Non sono dovute le imposte di registro e catastali per i trasferimenti immobiliari alla prole effettuati dai coniugi in esecuzione dell’accordo formalizzato nella sentenza giudiziale di divorzio.
È quanto emerge dall’Ordinanza n. 31603/2018 della Sezione Tributaria della Corte di Cassazione, che dà definitivamente ragione a due ex coniugi che hanno provveduto, in esecuzione della sentenza giudiziale di divorzio, al trasferimento a favore del loro unico figlio della nuda proprietà riguardante una pluralità d’immobili in regime di esenzione da imposte di registro e ipo-catastali.
In base all’articolo 19 della L. n. 74 del 1987, tutti gli atti, i documenti e i provvedimenti relativi al procedimento di scioglimento del matrimonio o di cessazione degli effetti civili del matrimonio nonché ai procedimenti anche esecutivi e cautelari diretti a ottenere la corresponsione o la revisione degli assegni di cui agli articoli 5 e 6 della L. n. 898 del 1970, sono esenti dall'imposta di bollo, di registro e da ogni altra tassa.
Nel caso sottoposto all’attenzione della Suprema Corte, la Commissione Tributaria Regionale della Lombardia, a conferma della decisione di primo grado, ha ritenuto illegittimo l’avviso di liquidazione notificato dall’Agenzia delle Entrate ai contribuenti e al Notaio, posto che il trasferimento all’unico figlio della nuda proprietà di una pluralità d’immobili era avvenuto in ragione di quanto previsto nella sentenza di divorzio e avendo in quella sede gli stessi contribuenti dichiarato di voler beneficiare di quanto disposto dall'art. 19 L. n. 74/1987.
Nella sentenza divorzile, il Tribunale ha stabilito: «nell'ambito degli odierni accordi, presi ai sensi dell'art. 5 della L. n. 898 del 1987 il sig. (...) si obbliga a trasferire al figlio (...) la nuda proprietà della quota di 1/5 (riservandosi l'usufrutto vitalizio) dei seguenti immobili.
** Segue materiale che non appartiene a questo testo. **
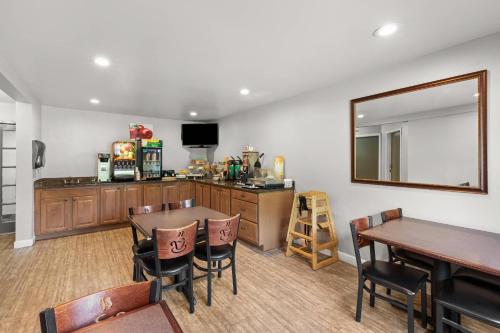 TV a/nebo společenská místnost v ubytování Quality Inn Atlanta Airport-Central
Segue l'elenco degli immobili di cui si trasferisce per 1/5 la nuda proprietà».
L'Ufficio, però, ha sostenuto l’inapplicabilità del richiamato regime di esenzione, poiché il trasferimento immobiliare, per il quale l'avviso di liquidazione impugnato aveva disposto l'assoggettamento alla tassazione ordinaria, non era conseguenza diretta dell'avvenuto scioglimento della comunione legale tra i coniugi, ma integrava un mero atto di liberalità del padre, in favore del figlio, solo occasionalmente generato dalla separazione personale tra i coniugi e formalizzato nella sentenza divorzile.
Ebbene, con l’ordinanza in esame, la Suprema Corte ha confermato la decisione della C.T.R. meneghina, impugnata dalla difesa erariale, sul rilievo che il ricorso per cassazione dell’ufficio «non riporta, nei contenuti essenziali, il testo degli accordi intervenuti tra i coniugi in sede divorzile, e tanto si rendeva viepiù necessario, alla luce del mutamento d'indirizzo della giurisprudenza di questa Corte, maturato in ragione dell'evoluzione del quadro normativo di riferimento, caratterizzato da interventi di cosiddetta "degiurisdizionalizzazione", i quali hanno fortemente valorizzato l'accordo tra le parti nella definizione della crisi coniugale, che ha fatto registrare un sostanziale superamento della distinzione tra contenuto necessario (artt. 156 c.c., ultimo comma, e 710 c.p.c.), e contenuto eventuale (art. 1372 c.c.) degli accordi di separazione, nel primo dovendosi ricomprendere il consenso reciproco a vivere separati, l'affidamento dei figli, l'assegnazione della casa familiare in funzione del preminente interesse della prole e la previsione di assegno di mantenimento a carico di uno dei coniugi in favore dell'altro, ove ne ricorrano i presupposti, nel secondo, invece, quei patti che trovano solo occasione nella separazione, trattandosi di accordi patrimoniali del tutto autonomi, che i coniugi concludono in relazione all'instaurazione di un regime di vita separata (Cass. n. 2111/2016, sul carattere di "negoziazione globale" attribuito alla liquidazione del rapporto coniugale per il tramite di contratti tipici in funzione di definizione non contenziosa, ma anche Cass. n. 16348/2013, Cass. n. 5924/2013, e Cass. n. 13340/2016, quest'ultima, in fattispecie relativa alla decadenza dai benefici "prima casa")».
La Suprema Corte, dunque, ha dichiarato inammissibile il ricorso e condannato la ricorrente Agenzia delle Entrate al pagamento delle spese del giudizio di legittimità.